Sin embargo, debo reconocer de modo autocrítico, que, aunque he publicado
nueve libros y numerosos artículos y he editado textos de otros, y he hecho
traducciones, no veo en la mía propiamente una obra. A pesar de los elogios de mis críticos, veo libros
publicados, aquí y allá. Pero no acabo de ver una obra suficientemente unitaria y consistente. Quizá por eso tengo
razón al afirmar que no he hecho nada y que, en realidad, estoy siempre
empezando. Debo añadir, sin embargo, que eso de estar siempre empezando, no es
tan mala señal. Significa que mi actitud frente a la creación literaria está
marcada todavía por un entusiasmo casi juvenil. Y es verdad, ese entusiasmo me
ha permitido seguir explorando caminos en la literatura, escribir cuentos cada
vez más sinceros y armarme del valor suficiente, por ejemplo, para destruir, a
mi edad, una novela en la que trabajé varios años y que me pareció fallida,
insatisfactoria. Pero nadie me quita lo bailado: disfruté mucho escribiéndola,
lo pasé bomba, aunque al final decidiera no publicarla. Es que, en el fondo,
escribo para divertirme, para pasarla bien. Amo las palabras como a mí mismo y
he vivido para jugar con ellas, organizarlas y ponerlas a significar.
Tuve la suerte de haber nacido en la casa de mis padres, no en un hospital,
en una época en que la salud no era un objeto de negocio como lo es ahora.
Atendió a mi madre, según me contó ella, el muy conocido Dr. Lanas, quien
también se ocupó de mis males de infancia. Nací el 5 de junio de 1944, día
histórico por varias razones; primero, porque ese fue el día D, el día del desembarco
de las fuerzas aliadas en las playas de Normandía, gesta que inició el derrumbe
de Alemania, de modo que vine a este mundo en paracaídas; segundo, por ser un
aniversario más de la Revolución Liberal ecuatoriana –circunstancia que definió
en parte mi vocación laica y que siempre
fue motivo de orgullo mío y de mi padre, quien se atrevió a llamarme Vladimiro
en homenaje a Lenin, en una ciudad marcada por una beatería garciana-; tercero,
porque es el día universal del Medio Ambiente, circunstancia que también marcó
mi vocación ecologista; y cuarto, lo digo sin ironía, porque ese día nací yo.
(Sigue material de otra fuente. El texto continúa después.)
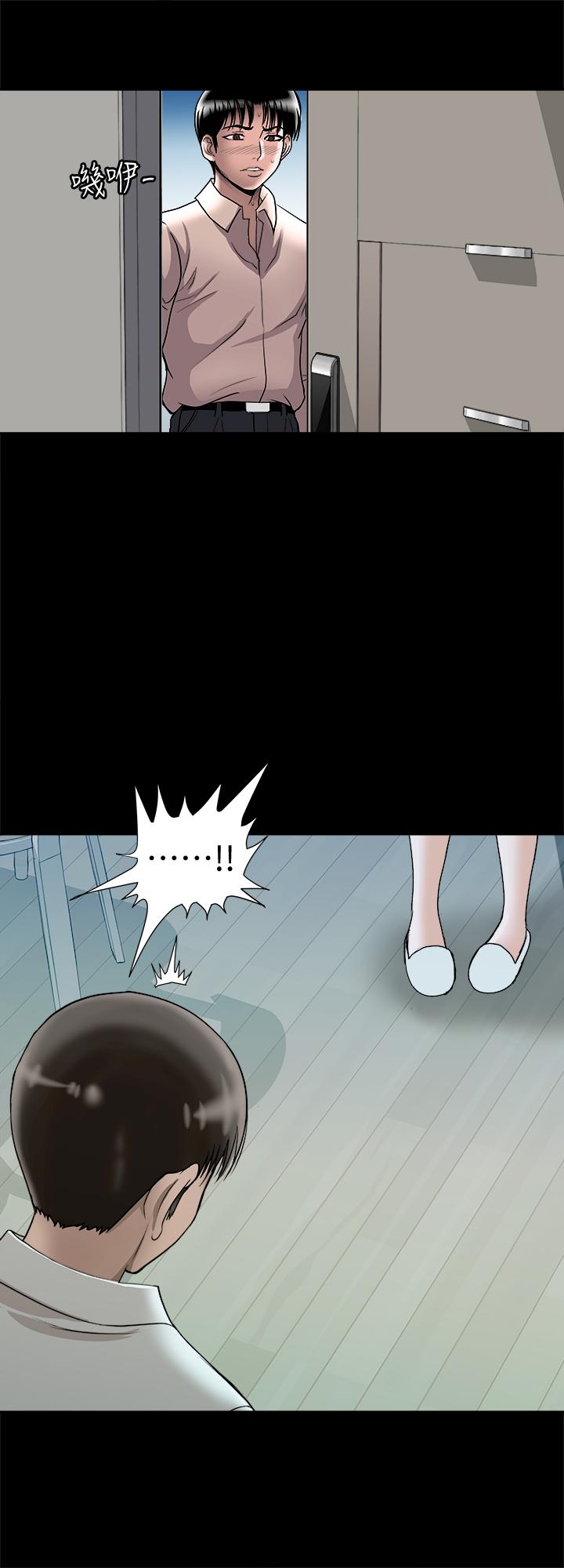 別人的老婆 69-97 END page 790 - big breasts story arc hentai manga - read online free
La raíz cultural que he mencionado posee una doble dimensión: la
histórico-geográfica, por una parte, y la literaria, por otra. La primera
estaba allí, de un modo fatal, inevitable, rodeándome: en el aire andino que
respiraba; en las paredes de piedra pómez que me encerraban; en los alimentos
terrestres que me nutrían; en el olor a incienso de las iglesias que inundaron
mis primeros años de miedo a la vida y a la muerte; en este espacio desmesurado
que invitaba a la contemplación quietista; en esta tierra fría y sísmica en que
vivía, rodeada de montañas, de nevados resplandecientes que yo veía las mañanas
luminosas de camino a la escuela. De esta naturaleza benéfica me apropiaba
bañándome en los ríos, trepando a los árboles y robando sus frutos, montando en
burro, saltando las acequias. Pero estaba también, rozándome, tocándome,
penetrándome, la geografía humana, esto es, el habla y la cultura quichua, por
una parte –esos tiernos y entrañables quichuismos que vertí en algunos de mis
textos, “taiticu”, por ejemplo- y estaba, por otra, una cultura mestiza que
habría de marcarme de por vida, dejándome la difícil tarea de hacerme cargo de
sus casi insuperables contradicciones. Fui testigo de una lacerante desigualdad
social y, siendo beneficiario por nacimiento de esta desigualdad -pues provenía
de dos familias patricias, los Rivas y los Iturralde- acabé también
convirtiéndome en su víctima. Pertenezco a una minoría de acomodados que no
puede ni debe cerrar los ojos a las contradicciones de su clase social, sino
que debe procurar enfrentarlas con lucidez. ¿De qué maneras? Primero,
reconociendo, con los sentidos bien abiertos, su lugar en una sociedad injusta.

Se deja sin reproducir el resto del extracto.